Thanks for this tip! My Tivo looking a lot better now


----------



## cybergrimes

I think it solves the issue with the Stream locking up/going to a black screen.
It seems like the TiVo row customization process donks up the main home screen process eventually. I haven't had any of those issues since I did this but that's a bit anecdotal I guess.


----------



## AussieFigjam

cybergrimes said:


> I think it solves the issue with the Stream locking up/going to a black screen.
> It seems like the TiVo row customization process donks up the main home screen process eventually. I haven't had any of those issues since I did this but that's a bit anecdotal I guess.


I can +1 that. After I disabled the Tivo Stream app on the home screen, I no longer saw any lockups or black screen when returning to home. I has been over a week now, and I saw it at least once a day before that.

This kind-of makes sense, after all this is a stock Android TV OS on a fairly standard chip; the only thing that makes the Tivo different is the Tivo stream app it inserts in to the home screen (and doesn't let you remove).

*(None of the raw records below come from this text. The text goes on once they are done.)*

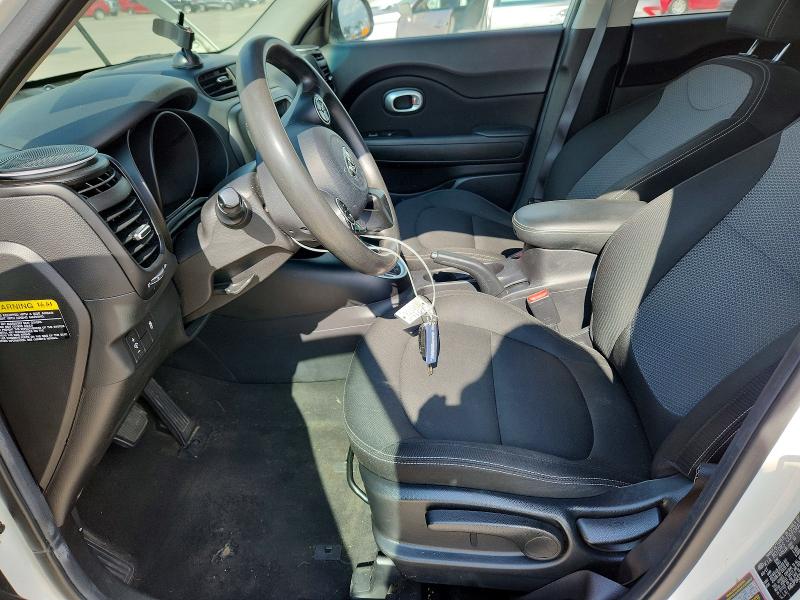 Aukcja sprzedaży 2017 Kia Soul, vin: KNDJP3A52H7490116, numer aukcji: 56523486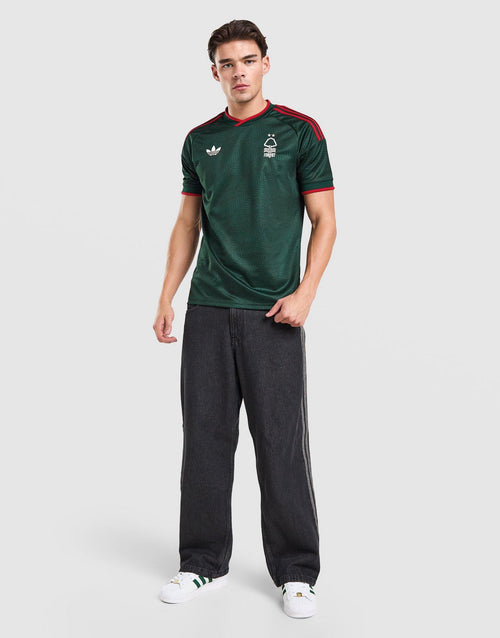 Nottingham Forest FC 2026/27 Away Shirt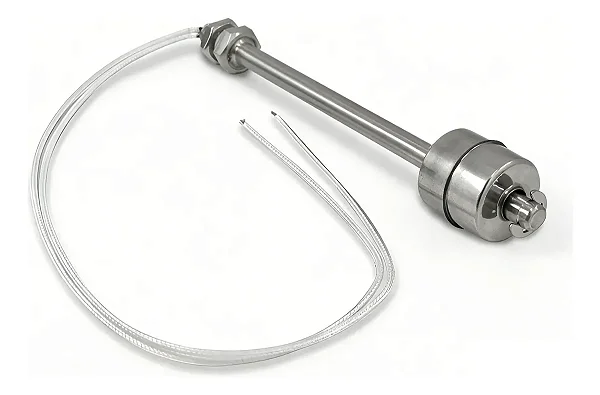 Sensor de Inox - Posição Vertical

The other nice side-effect of disabling it is that it now lets you move (or remove) some other apps like Netflix from the favorites list. Obviously somehow the Tivo Stream is inserting itself in to the home screen code to at least prevent you from moving or removing certain things from favorites, which seems to be more evidence to me that it is the cause of the black screen.

BTW: even after doing this, you can still just hit the Tivo key if you want to run the Tivo Stream app, so it's not like you are losing out on anything. I see no reason not to make this customization.


----------



## cwoody222

This is so much better! Thanks!


----------



## d_anders

Have any of you that have done this, have you've seen this help address the TV wakeup issues? I'm curious if this same injection into the home screen also wakes up the device and thus the TV too through the CEC settings? I'm purely speculating and I know TiVo is supposed to be working on that too. I'm just curious if they are related?


----------



## Son Vegitto

After disabling "com.tivo.tvlaunchercustomization" on two different devices, I noticed that the Android tv home screen background is different on each. On one, the background is an orange / purple color. On my other device, it is just black. 

Anyone know why the two Stream 4k devices have differing backgrounds?


----------